Leah Lizarondo of 412 Food Rescue honored with sustainable development award and $20,000 grant | News | Pittsburgh | Pittsburgh City Paper

Leah Lizarondo of 412 Food Rescue honored with sustainable development award and $20,000 grant

click to enlarge 412 Food Rescue CEO Leah Lizarondo - PHOTO: HARDPIN FOR VITAL VOICES
Photo: Hardpin for Vital Voices
412 Food Rescue CEO Leah Lizarondo
Last week, Leah Lizarondo, CEO of food waste prevention nonprofit 412 Food Rescue, was honored with the Vital Voices Sustainable Development award for the organization's app, Food Rescue Hero. As part of the award, Lizarondo also attended the WE Empower UN SDG Challenge, a business competition "for social entrepreneurs who are advancing the UN Sustainable Development Goals and inspiring entire communities to act to create the world we want by 2030."

As part of the competition, Lizarondo had to opportunity to present her business to designer Diane Von Furstenberg, a Vital Voices board member. As a result of the presentation, Lizarondo was awarded a $20,000 grant for 412 Food Rescue and Food Rescue Hero.

The app, which was developed in 2016, provides a system to connect all the logistics of food donation and waste rescue, including matching donations to nonprofits and coordinating volunteers who are available to help pick up and transport food. While the app is based in Pittsburgh, it's expanded to communities in Cleveland, Philadephia, San Francisco, and Virginia.


click to enlarge Leah Lizarondo (center right) with her mother, Zenaida, Diane Von Furstenberg, and Vital Voices CEO Alyse Nelson. - PHOTO: HARDPIN FOR VITAL VOICES
Photo: Hardpin for Vital Voices
Leah Lizarondo (center right) with her mother, Zenaida, Diane Von Furstenberg, and Vital Voices CEO Alyse Nelson.
According to its 2019 impact report, 412 Food Rescue has 7,152 people in the Food Rescue Hero network, with over 5 million pounds of food rescued between 2015 and 2019. It makes a relatively small but meaningful impact on the massive problem of food waste, which accounts for 25 percent of landfill waste.

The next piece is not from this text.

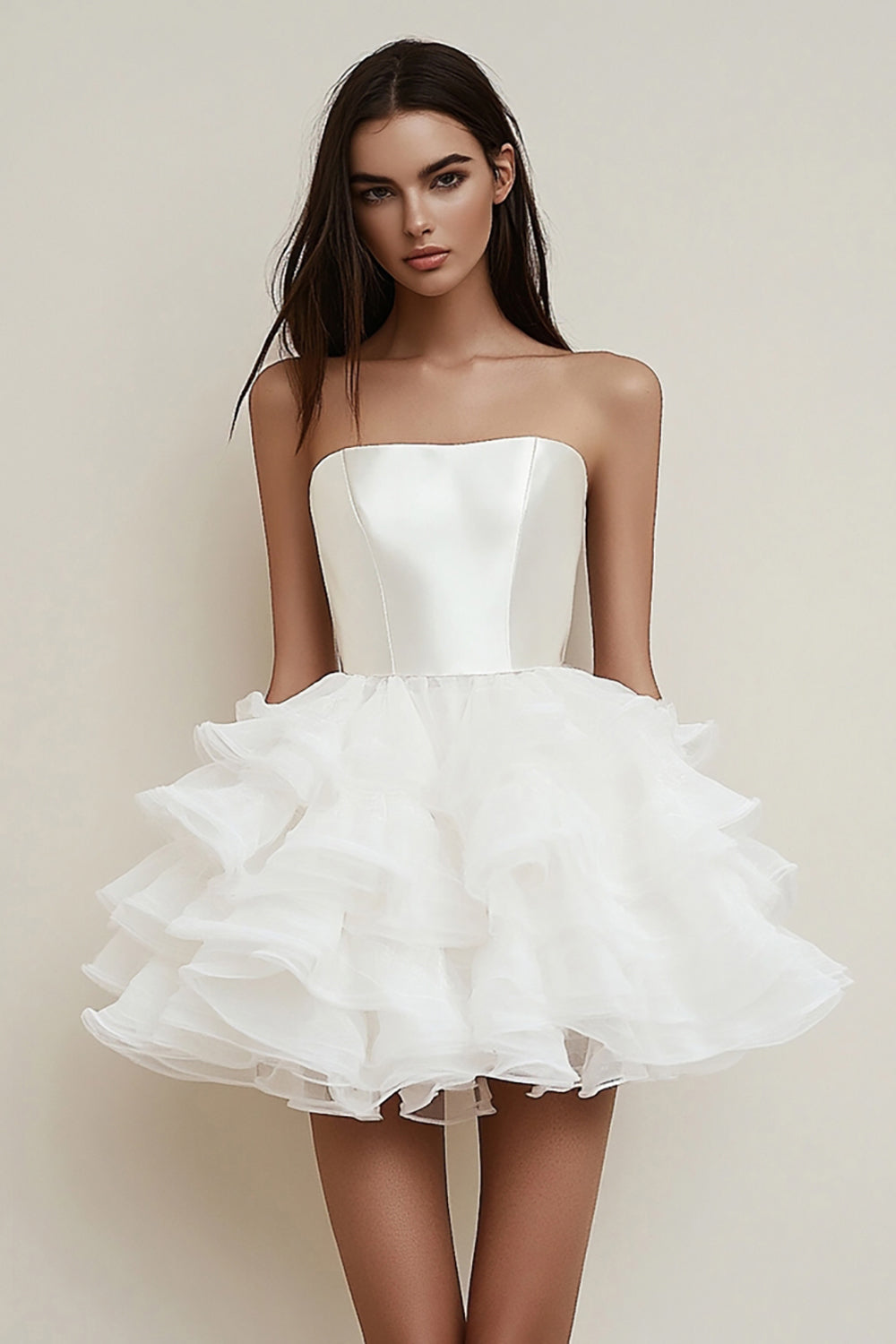 Satin Tiered Strapless A Line Little White Dress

“Not only are we able to recover nutritious, perishable food, but we are also able to distribute food more widely — mitigating barriers such as lack of transit access, limited mobility, disability and inadequate time," said Lizarondo in a press release. "This is the largest volunteer transport network and the most food recovered by a grassroots network globally.”

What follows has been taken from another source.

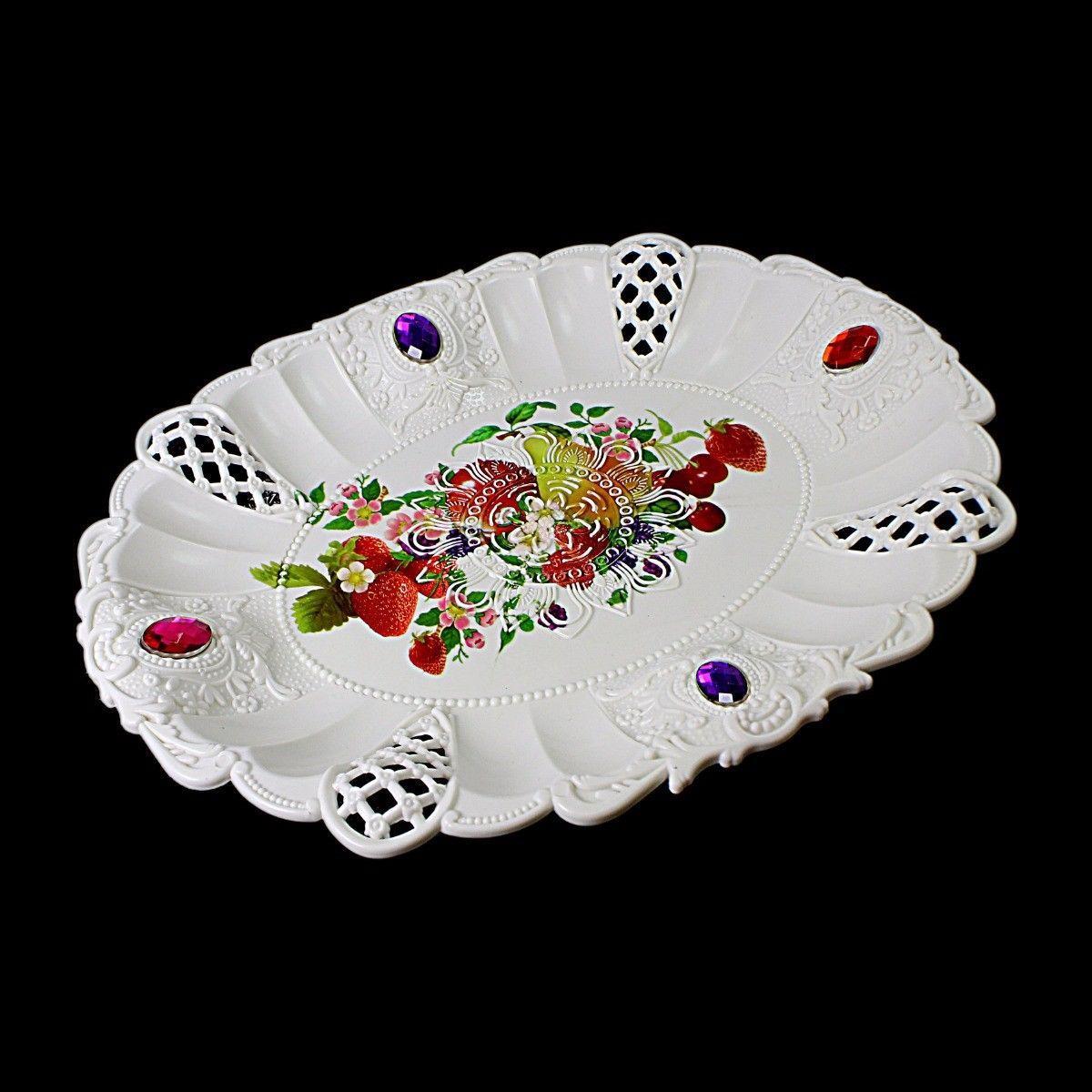 Plastic Jewelled Serving Tray Printed Design Oval 28 x 23 cm Assorted Designs 3218 (Parcel Rate)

In 2018, Lizarondo explained to Pittsburgh City Paper that part of the appeal of Food Rescue Hero lies in the convenience it provides those who would otherwise miss out on volunteer opportunities because of their schedule. “[Food Rescue Hero] constantly reminds you that, ‘Hey, you can do this today.’ It could be 9 a.m., it could be 3 p.m., it could be the weekend — it’s not like one event where if you miss it, that’s pretty much it."